At first glance, FBOTs appear to resemble other transient space events, such as gamma-ray bursts, rapid radio waves (FRBs), and supernovae. But these cosmic explosions have different characteristics and sources. For example, FBOT is much longer than FRBs, which typically have only a few milliseconds, but much shorter than supernovae, which can glow for months or years. FBOT also contains hydrogen, while gamma-ray storms do not.

So far, the newly created FBOT class has only three members. The first, at2018COW (nicknamed “Cow”), was discovered in June 2018, when it was about 100 times brighter than a supernova, but disappeared in just 16 days. The second is named ZTF18 abvkwla, nicknamed “Koala”. It appears in the sky as a bright source of optics a few months after the emergence of “cows” and disappears faster. When it was examined at radio wavelengths, astronomers found that it was 10 times brighter than a “cow”.

Finally, the third event is called CSS161010. It was actually discovered in 2016, but has not been identified as FBOT until now. And it’s one of the most powerful — astronomers calculate, it emits up to 10 percent of the mass of the sun at more than half the speed of light.

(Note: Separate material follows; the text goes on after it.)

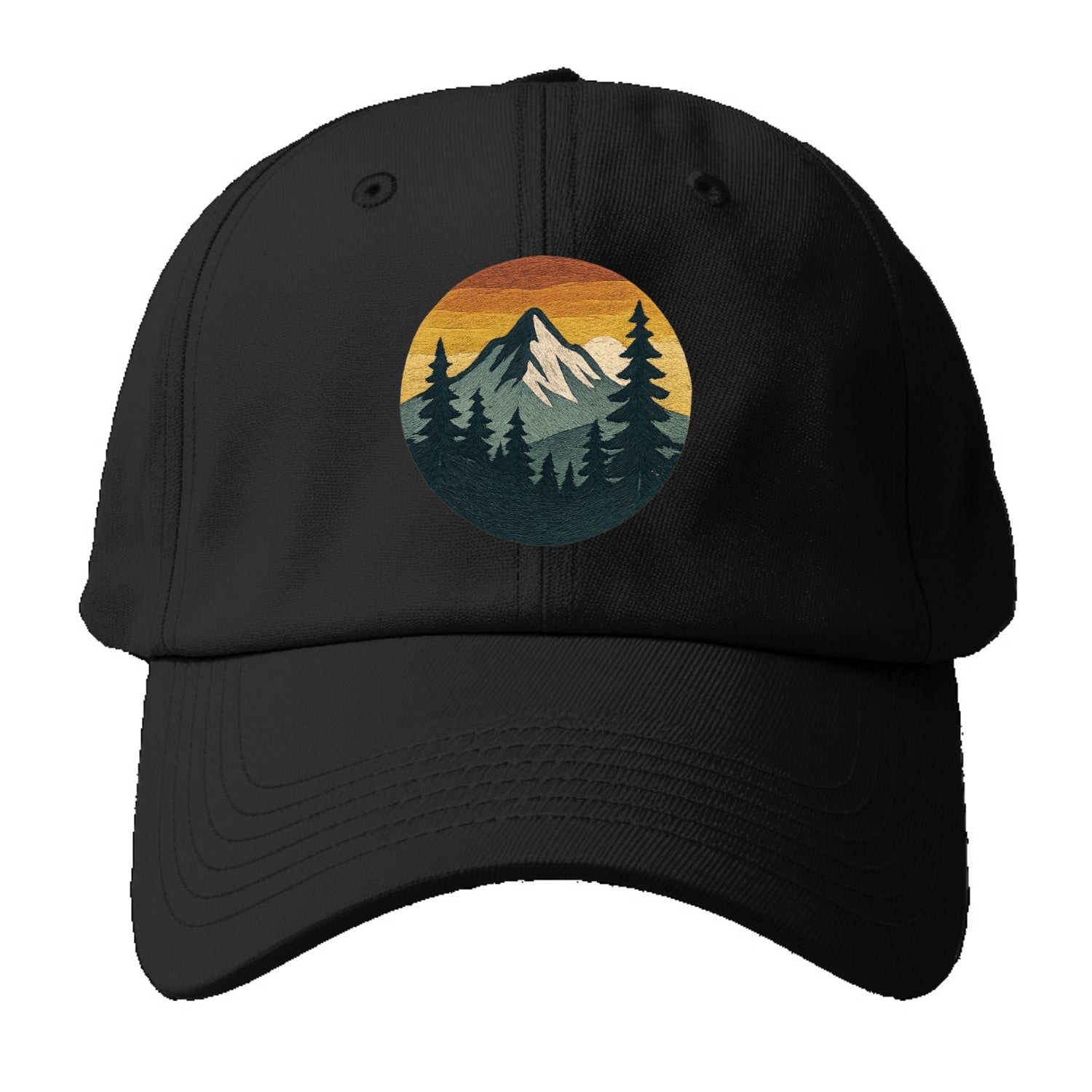 mountain majesty embroidery Hat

“We thought we knew what was the fastest outflow in nature,” said Raffaella Margutti, senior author of the study. “We think there are only two ways to produce them— a large mass star or two neutron stars merged with gamma-ray bursts. Through this study, we introduced a third way to emit these outflows. A new ‘beast’ has emerged that can produce the same energy phenomenon. “

But what causes these FBOTs? Because they disappear so fast, it’s tricky to study, but astronomers have some clues. All three originate in tiny galaxies, where stars have lower metal content. This allows these stars to retain more mass at the end of their lives, potentially leading to higher-energy supernovae — which may be what we see now. Interestingly, they all seem to have a black hole or neutron star at their center. This could be further evidence of supernovae, or signals from black holes that tear apart stars that roam too close.

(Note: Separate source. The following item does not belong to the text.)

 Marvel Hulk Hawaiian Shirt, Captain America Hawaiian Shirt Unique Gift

“Observations show that the most glowing FBOT has a ‘central engine’ — a source like a neutron star or a black hole that powers transients,” Marguetti said. “It is not clear whether these bright FBOTs are rare supernovae, stars crushed by black holes, or other energy phenomena. Multi-wavelength observations of more FBOT and its environment will answer this question. “

The paper describing the koala was published in the Astrophysical Journal, while the paper describing CSS 161010 was published in the Astrophysical Journal Letters.